Coun. Mike Colle, who represents Ward 8, Eglinton-Lawrence, hosted a summit Friday in response to receiving a record number of reports of small business break-ins within his ward.

“We have small, family-run businesses that are being financially devastated by these break ins,” Colle told CBC Toronto Friday. 

“They’re not only breaking into their business and sometimes taking products, they’re taking their point-of-sale terminals… and they’re accessing their accounts when they steal the terminals.”

Colle said it’s not small amounts of money: “In some cases, it’s been up to $50,000 taken out of accounts of small business [owners].”

Toronto police saw a 19 per cent increase in break and enters in small businesses from 2022 to 2023, with a total of 300 point-of-sale terminal thefts reported last year. 

“We’re working diligently on this,” Acting Staff Supt.
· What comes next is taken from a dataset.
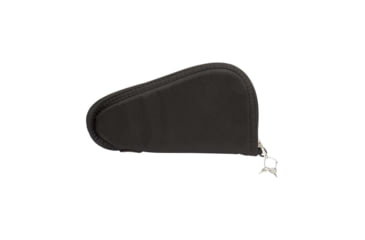 Image of Allen Endura Locking Handgun Case, Black, 11 inch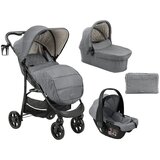 Kikka Boo selina 3u1 kolica za bebe i-Size | Eponuda.com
Shannon Dawson told reporters ahead of the summit, adding that it is a widespread issue across the city.

Break-ins seen as ‘crime of opportunity’: police

Dawson said the increase is likely the result of burglaries being seen as “crimes of opportunity.” She said one people are successful, they tend to keep doing it.

She said police are helping businesses by putting preventative measures in place.

“The goal for us at the Toronto Police Service is to be able to provide the small businesses with crime prevention techniques and opportunities,” Dawson said.

“It is very preventable by ensuring that these terminals are used properly, that passcodes are put on them and that they’re secured can greatly decrease the ability for these thefts to be successful.”

Dawson said the majority of break-ins occur overnight, when businesses are closed.

Mayor Olivia Chow stands in city hall chambers.
Toronto Mayor Olivia Chow urged business owners to collaborate with others to help put a stop to break-ins. (Ken Townsend/CBC)

Toronto Mayor Olivia Chow said more business owners should be aware of preventing point-of-sale terminal thefts, urging them to work with BIAs and other businesses in the community, along with the city and police, to prevent crime.

“Small businesses are the heart of our neighbourhood, the heart of our economy [and] Toronto,” Chow said Friday at the summit.

Scott Tabachnick, spokesperson for credit and debit-processing firm Moneris, said there have been improvements aimed at safeguarding machines from thefts.

“For our devices, you cannot proceed with your initialization until you have changed the password,” Tabachnick said, adding that this is not the case for older debit and credit-processing device models.

Dan Ferracuti, owner of Safari Bar and Grill in North York, said his restaurant has been broken into multiple times over the past few years. He said thieves targeted its point-of-sale terminals so they could process refunds from the business’ bank account onto prepaid debit and credit cards.

“Break and enters shouldn’t be part of our operating costs,” Ferracuti said. 

“They’re able to do this, and unless you’re able to stop it, the money comes out of your account, right onto a prepaid credit card and it happens very, very quickly. I’m actually watching it happening in real time, every minute: $1,000, $1,200, $1,500. And there’s just no stopping it.”

A clover payment device is held at a restaurant.
Dan Ferracuti, owner of Safari Bar and Grill in North York, said his restaurant was broken into multiple times over the past few years with thieves targeting the business’ point-of-sales machines. (Michelle Song/CBC)

Thefts part of ‘cost of doing business,’ says owner

Ferracuti said the first time the bar and grill was broken into was nearly two years ago on Canada Day.

Several people broke in to steal the point-of-sale machine and attempted to process roughly $47,000 out of the accounts, before the restaurant was able to freeze its bank account to block the transactions.

“Whatever was in the account would have been completely drained,” he said.

“Luckily, we were able to stop the transaction basically by closing the bank account. [Because] it happened on the eve of Canada Day, we actually had an extra day, which saved our bacon big time.”

He said in addition to the damage caused by the break-in, the restaurant has had laptops and tablets stolen as well.

“It’s unfortunately become a cost of doing business, but it really shouldn’t be.”

Ferracuti said another break-in took place less than a year ago, but the business was able to stop the thieves from accessing the payment machine after changing the default code that was initially set up on it.

“Because this had already happened to us prior, we had all the codes changed so they couldn’t process any refunds this time but we were [still] out for the expense of all the machines and all the damage that was done.”